Why this makes Russia an “enemy”

Put the components together and the strategic picture tightens. If Russia were free to fully exploit and market its gas, oil, metals, and fertilizers—at scale, to the richest customers, at world prices, with Western technology and finance—the spillovers would be dramatic. European industry would be structurally tied to Russian energy; Asia would diversify toward Russian barrels and metals; and Moscow would convert rents into defense R&D, diplomatic patronage, and influence operations at a level the U.S. and EU would find unacceptable. Preventing that end state requires, from a Western perspective, treating Russia not as a competitor to be accommodated but as a systemic adversary to be managed and, where necessary, contained.
That is what enemies are in the 21st century: not always foes you shoot, but rivals you regulate.

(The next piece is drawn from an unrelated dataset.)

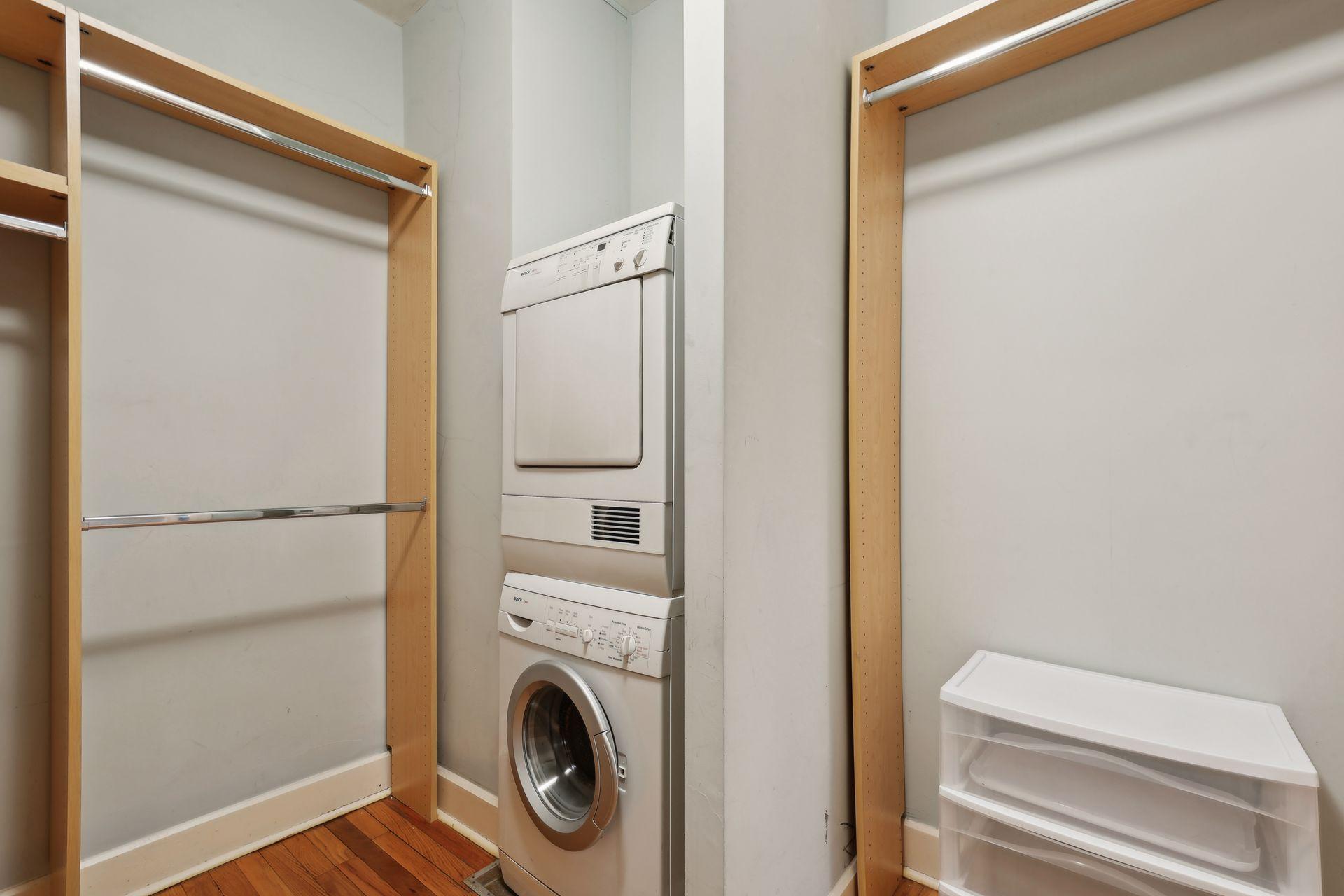 2517 Humboldt Avenue S Unit: 102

You turn their pipelines into compliance traps. You turn their sovereign wealth into frozen collateral. You turn their future oilfields into museum pieces by denying the toolkits that would bring them online. And you inoculate your own publics so that when prices spike or contracts break, the politics doesn’t buckle.

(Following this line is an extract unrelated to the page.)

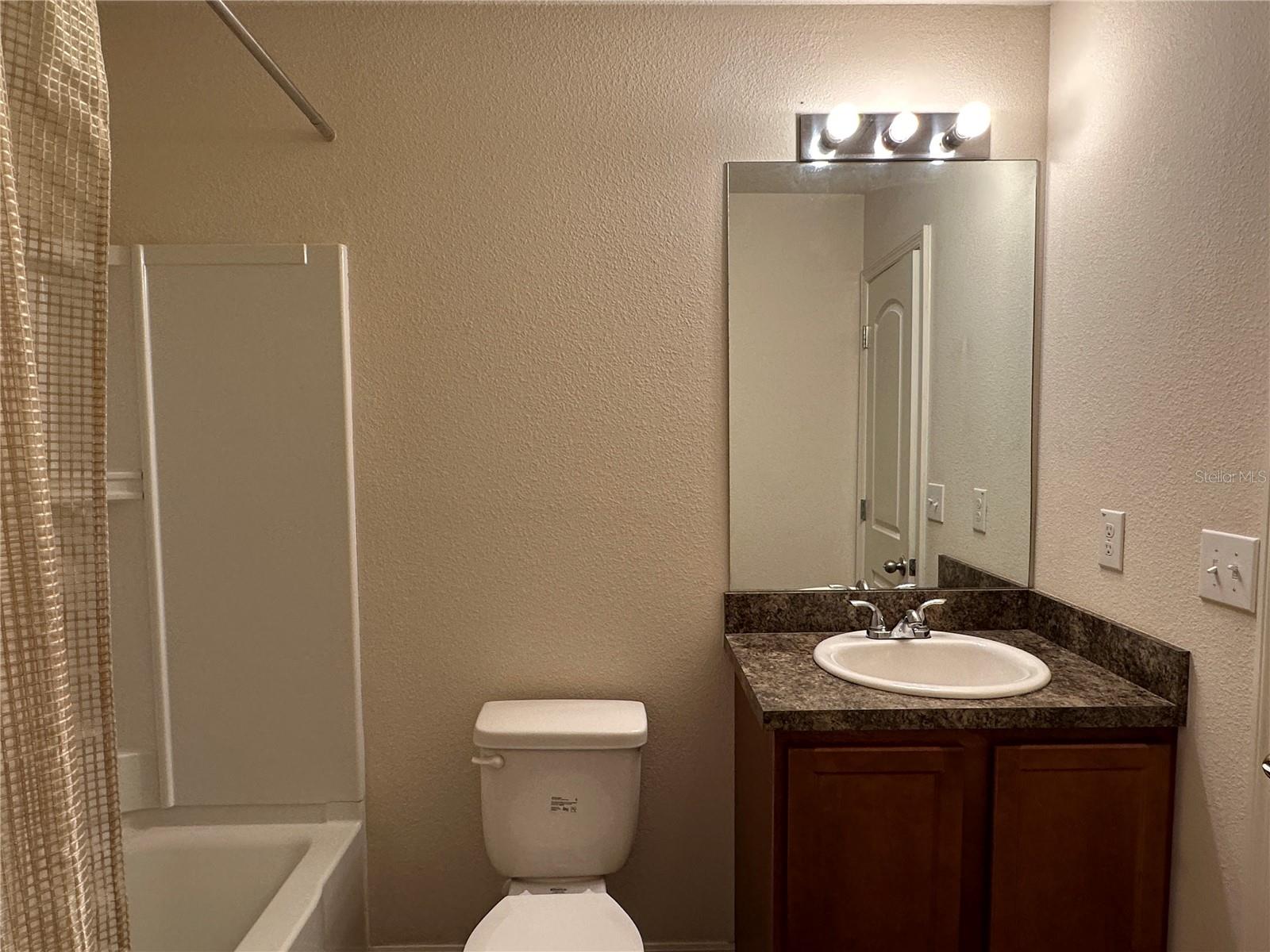 Bed 1 bath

But didn’t Russia bring this on itself?
This is the unavoidable rejoinder, and it matters. Russia’s 2014 annexation of Crimea and the 2022 full-scale invasion of Ukraine were acts of aggression that triggered many of the most punishing responses described above. However, many of the barriers to antagonize Russia were put in place by the West long in advance. 

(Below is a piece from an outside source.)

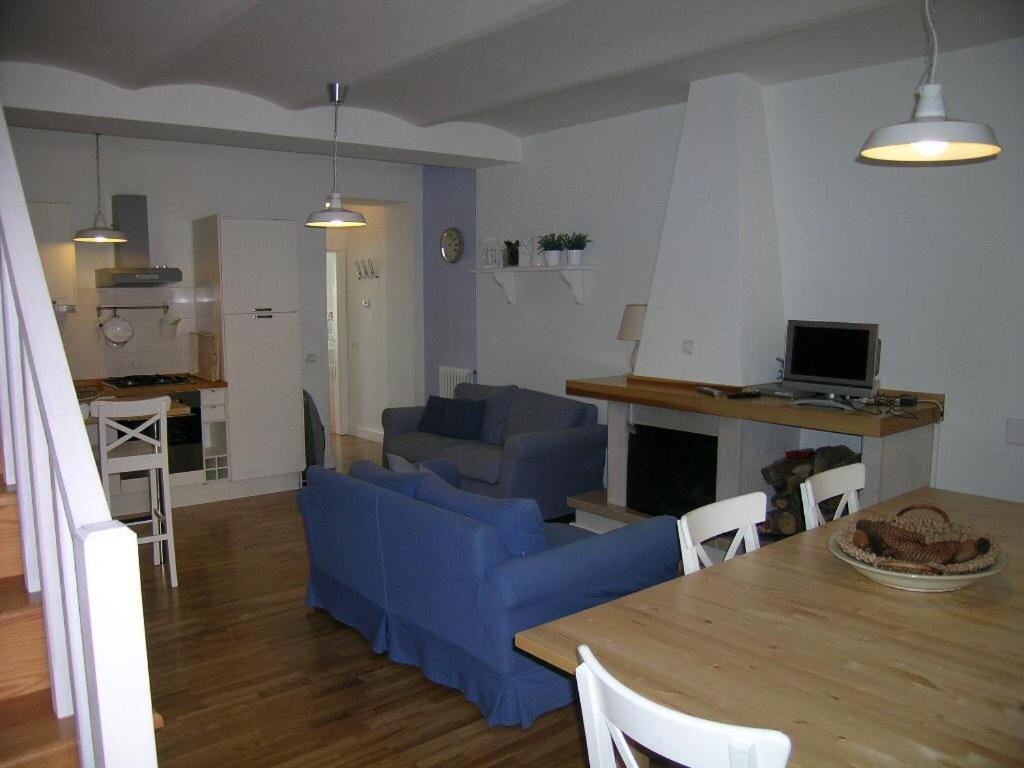 Ateleta的住宿－Appartamento ad Ateleta (Roccaraso)，客厅配有蓝色的沙发和桌子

The EU’s internal market rules that tripped up South Stream were a decade in the making. U.S. sanctions architecture specific to Russian oil technology dates to 2014, with legal expansions in 2017. Washington’s opposition to Nord Stream 2 was bipartisan across administrations. European and American think tanks had been publishing de-dependence blueprints for years; once the crisis arrived, those blueprints were pulled off the shelf. In other words, Russia’s actions supplied the political ignition, but the strategic kindling was already stacked.
One measure of a strategy’s success is the pain it imposes on the target even when the target adapts. Russia has adapted—redirecting crude to Asia, offering steep discounts, improvising a parallel shipping ecosystem, and boosting domestic industry where imports were cut off. But the opportunity cost is massive. Arctic and deepwater prospects have lost years; Western majors that could have de-risked frontier plays are gone; capital is pricier and scarcer; and the biggest nearby market—Europe—is accelerating out of Russian hydrocarbons by design.
Meanwhile, Western authorities keep demonstrating they can yank levers in spot and futures markets to disadvantage Russian producers of metals and energy at moments of their choosing—whether by nudging exchanges to restrict origin-brand flows, tightening price-cap enforcement, or signaling the next round of secondary sanctions. If you are a portfolio investor, a shipowner, an insurer, or a board member at a multinational, the rational response is to de-risk Russia. That is a slow bleed by itself.
Russia is treated as an enemy not simply because of who governs it at a given moment, but because of what it is in the material sense: a resource superpower whose unconstrained integration into Western markets would magnify its influence beyond what the U.S.-led order is prepared to tolerate. The order’s answer has been to bind, limit, and tax that power at every node that matters—law, finance, technology, and narrative. It’s a strategy that speaks softly on some days and swings a very big stick on others. It is also, for now, working as designed.